Although the SEC has yet to publish the final rules, despite adopting the new rules on Dec. 29, Canadian producers are hopeful the change will reduce the impact of price volatility when they estimate the value of assets they own.

But they have still to escape the consequences of last year’s price nosedive.

“Any oil sands companies filing U.S.-type disclosure for the 2008 year-end may have to write off a significant portion of their proved bitumen reserves, given that bitumen prices are extremely low right now,” said Phil Welch, president of the consulting firm of McDaniel & Associates.

Writedowns won’t necessarily affect share values, assuming producers are able to re-book that oil at the end of 2009, but a drop in reserve values could make it even tougher for producers to negotiate debt given that banks use reserves as a key indicator of corporate long-term viability, Chris Feltin, an analyst with Tristone Capital, told the Globe and Mail.





SEC approves new rules for oil reserves

The Securities and Exchange Commission on Dec. 29 approved updated rules for energy companies that will require them to provide more detailed information to investors when reporting oil and gas reserves.

Reserves are an oil company’s most valuable asset and a critical indicator of its long-term financial prospects. Any reduction in their estimated size is a concern for investors.

The SEC’s reporting rules for oil and natural gas reserves were adopted more than 25 years ago, and the changes are intended to reflect technological changes in how oil companies determine their proven reserves.

“These updates to the SEC rules will help ensure more meaningful and comprehensive disclosure of information that, even though it does not appear on a company’s balance sheet, is of significance to investors in making informed investment decisions,” SEC Chairman Christopher Cox said in a statement.

Changes approved unanimously

The changes were proposed in June and opened to a 60-day public comment period. The SEC approved the changes unanimously.
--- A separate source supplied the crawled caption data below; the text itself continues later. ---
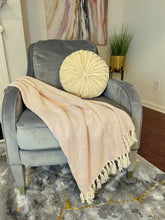 Load image into Gallery viewer, Pink Diamond Weave Soft Cotton Throw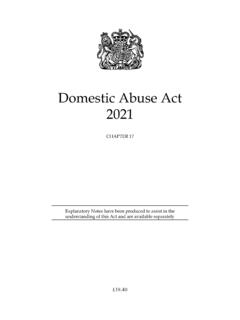 Domestic Abuse Act 2021 - Legislation.gov.uk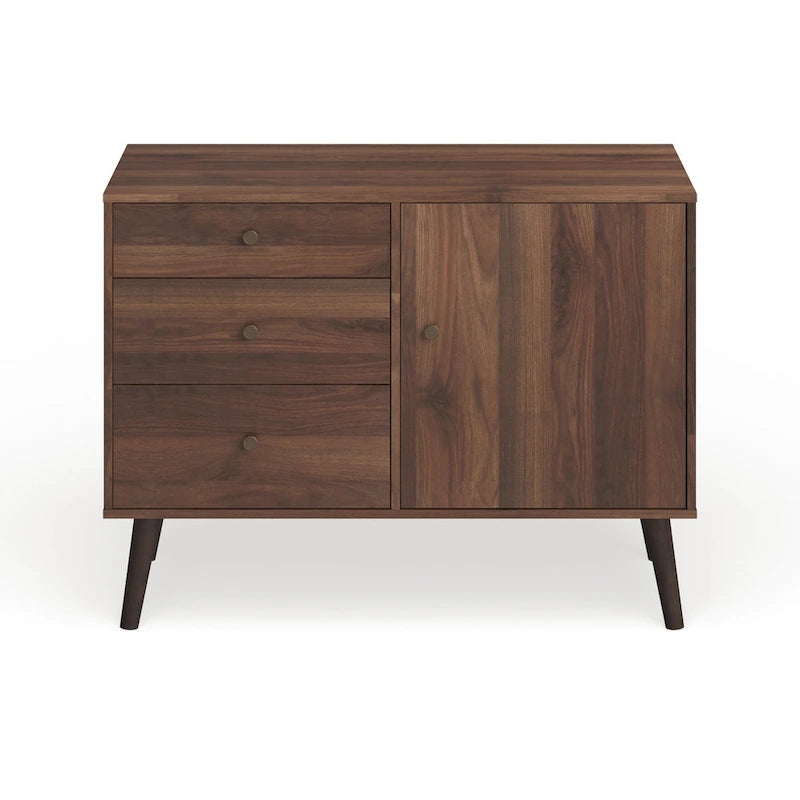 Madia/Credenza Mid-Century Moderna a 3 cassetti – Mobile Contenitore per Sala da Pranzo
The newly adopted revisions:

*Allow companies to use new technologies to determine proven oil and gas reserves provided the technologies have been shown to lead to reliable assessments.

*Allow companies to disclose their probable and possible reserves to investors. Until now, SEC rules limited disclosure only to proved reserves.

*Require companies to report oil and gas reserves using an average price based on the prior 12-month period rather than year-end prices.

*Require companies to certify the independence of petroleum auditors that audit their assessments of reserves.

The American Petroleum Institute, the industry’s trade association, said it was reviewing the new rules and had no immediate comment.

In August 2004, the SEC fined Royal Dutch/Shell Group $120 million — one of the largest penalties against a company in an accounting case — in connection with the overstatement of oil and gas reserves. The Anglo-Dutch oil giant’s disclosure that year of reserve inflation stunned shareholders and the oil industry, and led to the dismissal of several top executives.

The company neither admitted nor denied wrongdoing in agreeing to pay the civil fine.